Take, for example, the word saina. It's Chamorro for anyone who is senior or higher in status than you. It could be a parent, older relative, older people in general and people of civic and religious standing. It can even be applied to God. Yet, a twenty-year-old is still saina to his or her five-year-old nephew or niece. It is a very elastic word in our language, but the essential meaning is clear. The saina is above, I am below.
As we engage more with our elders, we hear people speaking publicly about their - sainas. "We welcome all our sainas to today's event."
It sounds very supportive of the Chamorro language revival, but the word sainas is subjecting a Chamorro word to English grammatical rules.
In Chamorro, we do not denote something in the plural by adding an -S at the end of the word.
The exception to this rule is with some Spanish loan words. I senadot. The senator. I senadores. The senators. Señot. Sir. Señores. Sirs.
1. Add the prefix MAN before the word
ETMÅNA (religious sister)
MAN ETMÅNA (religious sisters)
MÅ'GAS (the great, the superior, the powerful, etc)
MAN MÅ'GAS (the great ones, superior ones, powerful ones, etc)

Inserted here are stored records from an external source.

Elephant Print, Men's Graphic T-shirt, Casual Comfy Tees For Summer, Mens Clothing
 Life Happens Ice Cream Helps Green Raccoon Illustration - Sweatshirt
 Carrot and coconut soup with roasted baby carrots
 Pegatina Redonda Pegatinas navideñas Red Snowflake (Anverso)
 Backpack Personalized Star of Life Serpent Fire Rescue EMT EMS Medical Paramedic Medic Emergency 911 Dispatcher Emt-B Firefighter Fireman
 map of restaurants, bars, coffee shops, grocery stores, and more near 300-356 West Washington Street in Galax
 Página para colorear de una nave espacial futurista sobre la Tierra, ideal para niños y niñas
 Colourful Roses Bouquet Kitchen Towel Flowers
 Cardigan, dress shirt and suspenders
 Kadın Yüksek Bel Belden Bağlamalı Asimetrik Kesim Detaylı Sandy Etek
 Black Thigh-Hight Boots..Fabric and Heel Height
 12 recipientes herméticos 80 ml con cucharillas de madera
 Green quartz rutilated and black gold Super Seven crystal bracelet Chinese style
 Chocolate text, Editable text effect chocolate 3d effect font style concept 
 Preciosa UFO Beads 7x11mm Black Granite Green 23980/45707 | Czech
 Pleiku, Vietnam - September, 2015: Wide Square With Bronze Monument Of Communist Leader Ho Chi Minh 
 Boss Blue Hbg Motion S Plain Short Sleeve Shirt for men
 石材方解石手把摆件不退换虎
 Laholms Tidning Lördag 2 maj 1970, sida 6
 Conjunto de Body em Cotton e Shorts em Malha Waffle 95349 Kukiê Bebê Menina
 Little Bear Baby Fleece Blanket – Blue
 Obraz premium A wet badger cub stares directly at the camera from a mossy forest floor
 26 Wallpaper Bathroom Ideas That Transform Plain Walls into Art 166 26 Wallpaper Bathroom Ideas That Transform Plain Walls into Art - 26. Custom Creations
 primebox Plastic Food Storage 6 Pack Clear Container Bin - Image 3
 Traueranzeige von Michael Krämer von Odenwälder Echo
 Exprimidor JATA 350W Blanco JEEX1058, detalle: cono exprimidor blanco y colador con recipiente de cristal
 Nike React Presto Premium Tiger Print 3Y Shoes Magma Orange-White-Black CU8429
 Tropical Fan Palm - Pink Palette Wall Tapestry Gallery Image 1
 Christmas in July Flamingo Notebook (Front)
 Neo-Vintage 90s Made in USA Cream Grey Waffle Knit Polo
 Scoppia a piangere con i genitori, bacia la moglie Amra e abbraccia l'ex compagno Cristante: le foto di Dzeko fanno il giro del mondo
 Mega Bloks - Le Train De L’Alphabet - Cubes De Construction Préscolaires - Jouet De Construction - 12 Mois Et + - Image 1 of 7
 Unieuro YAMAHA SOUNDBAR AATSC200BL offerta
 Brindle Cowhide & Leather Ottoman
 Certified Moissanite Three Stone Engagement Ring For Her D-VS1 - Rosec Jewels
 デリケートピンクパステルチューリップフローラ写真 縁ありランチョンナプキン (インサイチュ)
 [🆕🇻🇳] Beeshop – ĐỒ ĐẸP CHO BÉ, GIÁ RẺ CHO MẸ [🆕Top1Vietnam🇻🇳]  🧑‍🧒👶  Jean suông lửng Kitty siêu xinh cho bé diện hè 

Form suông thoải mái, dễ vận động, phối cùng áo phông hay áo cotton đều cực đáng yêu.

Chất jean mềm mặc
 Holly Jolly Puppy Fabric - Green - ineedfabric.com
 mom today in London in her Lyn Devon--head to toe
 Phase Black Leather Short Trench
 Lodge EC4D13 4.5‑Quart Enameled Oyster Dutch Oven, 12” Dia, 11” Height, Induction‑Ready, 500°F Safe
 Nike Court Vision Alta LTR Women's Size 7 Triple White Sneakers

2. Keep in mind that MAN can undergo a change if the following word begins with K, P, S, T or CH
MAN + K = MANG
Kilisyåno = Mangilisyåno (Christians)
Katoliko = Mangatoliko (Catholics)
MAN + P = MAM
Påle' = Mamåle' (priests)
Popble = Mamopble (the poor people)
MAN + S = MAÑ
Sottera = Mañottera (single women, teenage girls)
MAN + T = MAN
Tomtom = Manomtom (the wise people)
Tunas = Manunas (the righteous people)
MAN + CH = MAÑ
Che'lu = Mañe'lu (the siblings)
3. Be careful, though; there are often exceptions
Man + parientes remains manparientes (the relatives).
Man + sendålo remains mansendålo (the soldiers).
Man + chunge' remains manchunge' (the gray/white haired ones).
Sometimes, there is a change and sometimes there isn't.
Some people say Mañamorro and others say Manchamorro.
4. Adding the prefix MAN is not the only way to make something plural. Often, one simply adds the word SIHA after the word. SIHA denotes plural.
I Tagålo siha. The Filipinos. No one says "I man Tagålo," although that is still grammatically correct.
I chetda siha. The bananas. No one says, "I man chotda."
I gima' siha. The houses. No one says, "I man guma'."
Sometimes, one can use MAN and still use SIHA. That makes it very clear the subject is plural.
I man sendålo siha. The soldiers.
I man gefsaga siha. The wealthy people.
GUMAS (often heard nowadays for houses of dance groups)
FAFANA’GUES (often heard now for “teacher” in lieu of maestro/maestra)
MAN FAFANA’GUE or
It would be wonderful to hear an MC say from now on.....
"We would like to welcome our MAÑAINA today," instead of
"We would like to welcome our SAINAS today."
If we're going to speak English sprinkled with a little bit of Chamorro, let's keep the Chamorro word as intact as possible in its Chamorro form.
Otherwise, we will be promoting but an Anglicized version of the Chamorro term.